"Without revelation, the people perish." Translated as the first part of Proverbs 29:18 in the King James version of the Bible, these few words say volumes about the state of reality. From the Bible's standpoint, revelation is communication, communication from God. Revelation describes the fact of God, presents the words of God; revelation discloses who God is.
Without revelation, as the writer says, we miss the point. We live in a closed world, a terminal system. We cannot see beyond ourselves. Revelation is the higher ideal, the greater meaning without which we cannot make sense of who we are. Absent revelation, we wallow in the speculations of our finitude, even while we remain fully aware of our tendency to look beyond it.
A few nights ago, I chatted with one of my nephews about religion. Long an atheist, he has now come to decide that society needs religion. Religion, he adds, in a materialistic sense, devoid of any supernatural appendage. In his mind, religion provides a social fabric, a basis upon which a society can construct a viable sense of itself.

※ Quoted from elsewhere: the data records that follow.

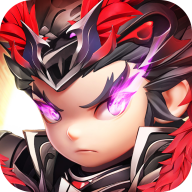 巨神军师官网版 V1.0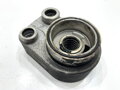 Chladič oleja Nissan Juke (F15) 2010 - 2022 213059324R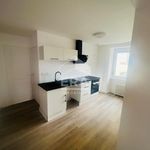 Rent 3 bedroom apartment of 63 m² in Héricourt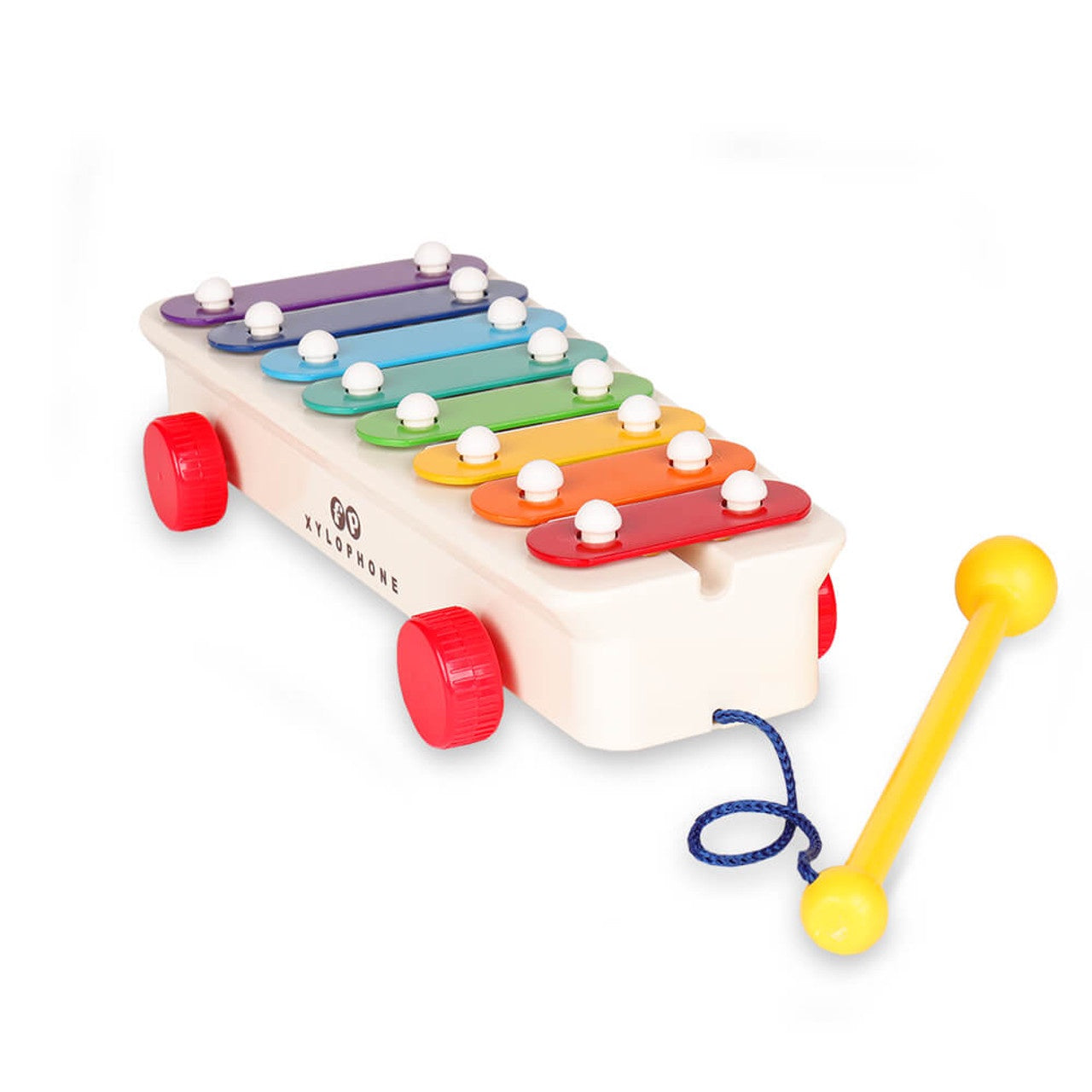 Fisher-Price Xylophone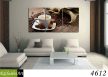Exclusive Art vászonkép | 4612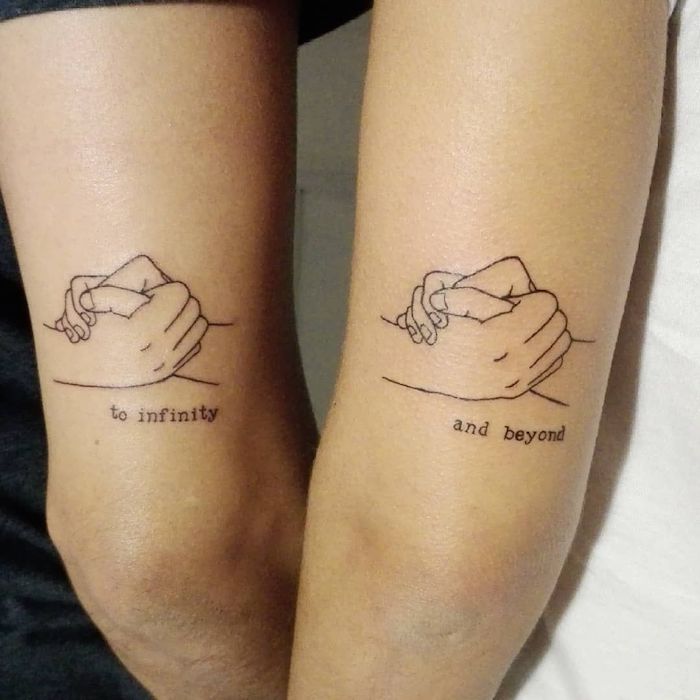 Share 79 Step Brothers Tattoo Ideas In Cdgdbentre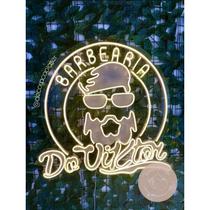 Personalizado - Sua logo personalizada em Led neon Personalizado - Sua logo personalizada em Led neon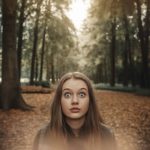 L'importance du sommeil pour un bien-être optimal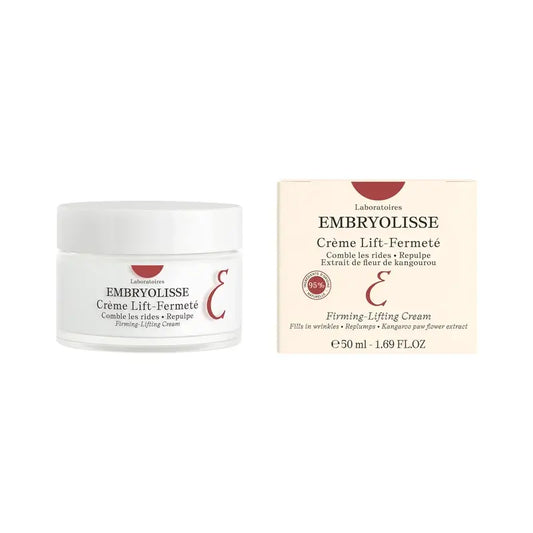 Embryolisse Crème Lift-Fermeté, 50 ml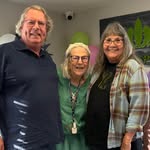 Debbi Clairmont-Ross - @medicine_prayer_woman - Instagram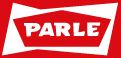 Parle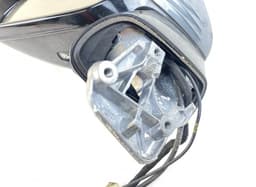MERCEDES-BENZ A2578108500 Mirror left MERCEDES-BENZ CLS (C257) (2017-2023) — thumbnail 3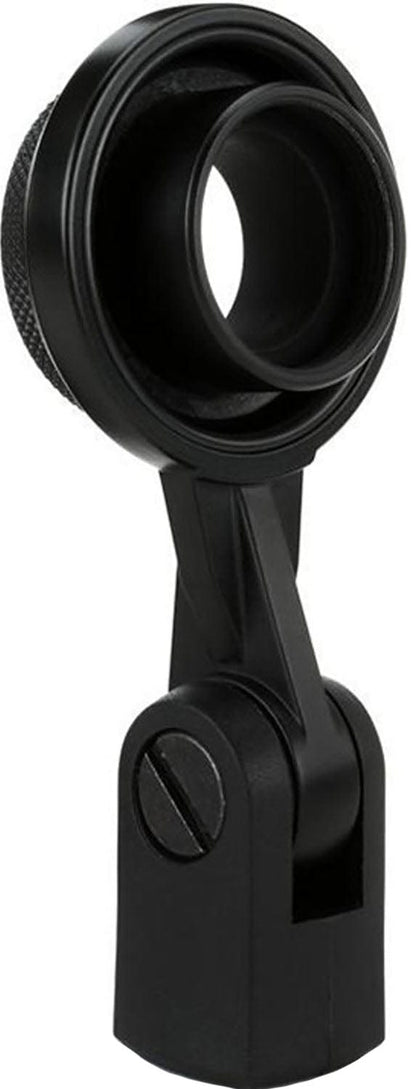 Neumann SG-2 Microphone Swivel Mount for TLM 102 / TLM 103 / TLM 193 / M 147 Tube - PSSL ProSound and Stage Lighting
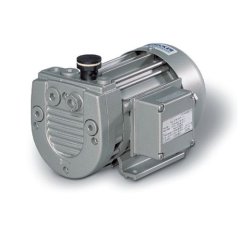 Вакуумный насос Becker VT 4.4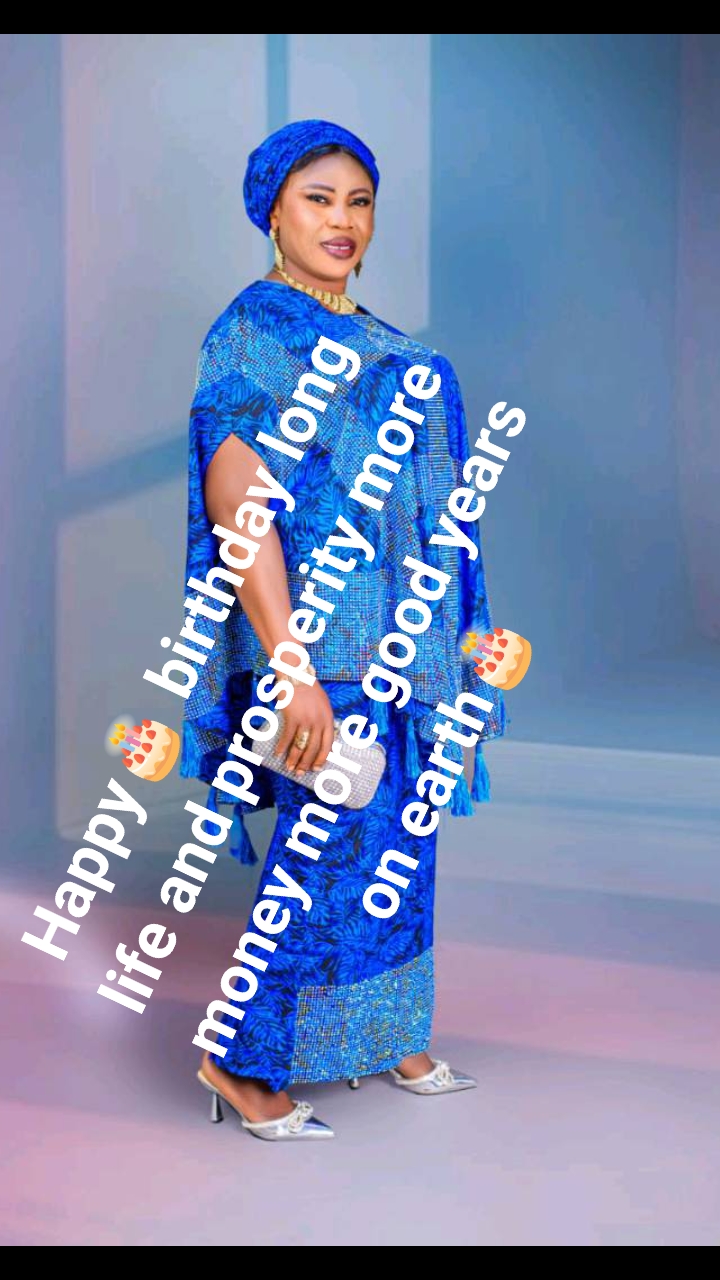 @labakenike
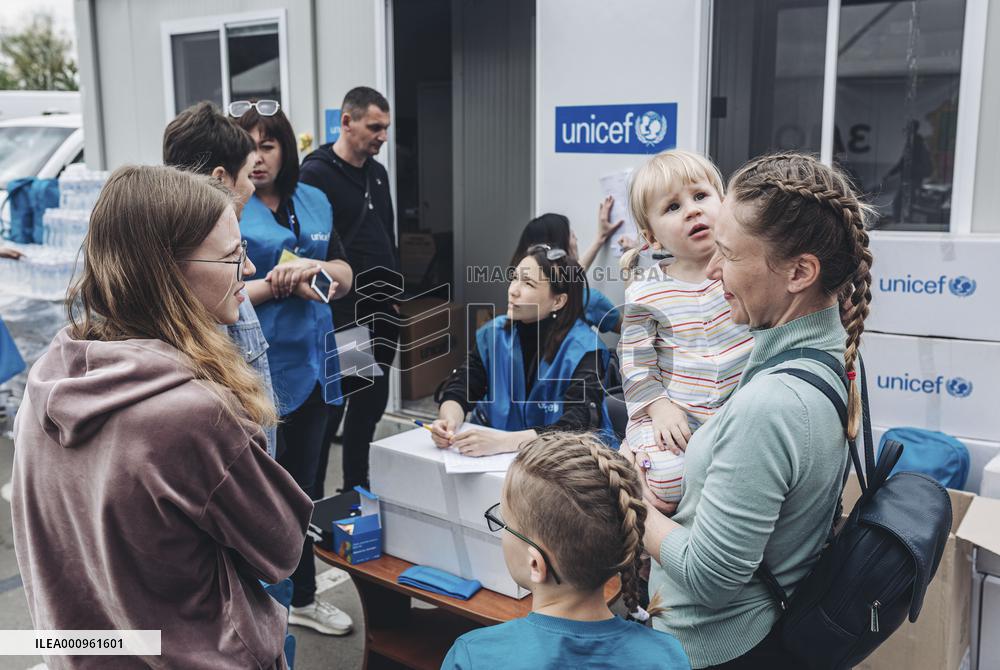 RUSSIA-UKRAINE-CONFLICT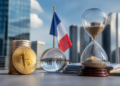Fitch podría esperar a 2027 para endurecer su postura sobre Francia 11 Fitch podría esperar a 2027 para endurecer su postura sobre Francia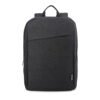 LENOVO ThinkPad Casual Backpack B210 - Sac à dos pour ordinateur portable - 15.6p - noir
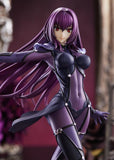 Fate/Grand Order Pop Up Parade: Lancer (Scathach)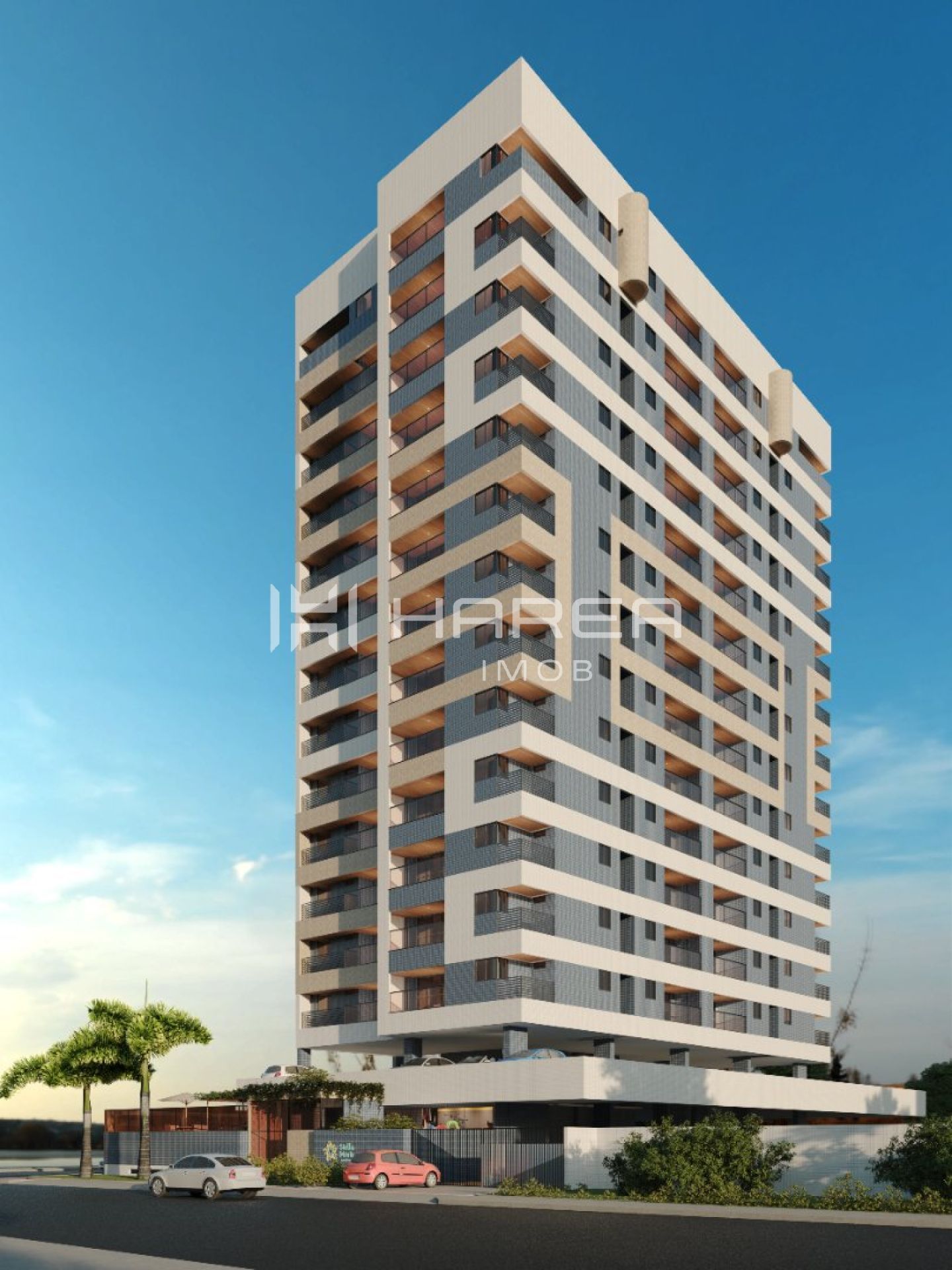 Stella Maris Residence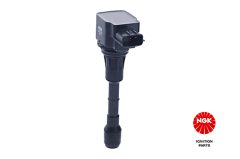 NGK 48348 — Bobină de inducție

To accomplish this, he observed, religion posits some type of higher ideal, an ideal that guides and frames social deliberation and exchange. Like (my words) revelation.
My point is that, despite the efforts of so-called "antifoundationalists" to prove that we do not need any guiding ideal to function rationally, we need a higher vision to make sense of our lives. I of course argue that this vision is embodied in the words of divine revelation; my nephew, and many others, will contend otherwise. Either way, we agree that we need a greater compass on our lives.
So whose revelation is right? All of them? None of them? If we strip religion of its supernatural dimensions, we are left with a revelation of ourselves and our ideals, ideals which we and ourselves, and only we and ourselves, assess and judge. And how do we ultimately know? It seems that revelation and greater vision are most meaningful if they reflect the vision of a reality out of which this present one comes.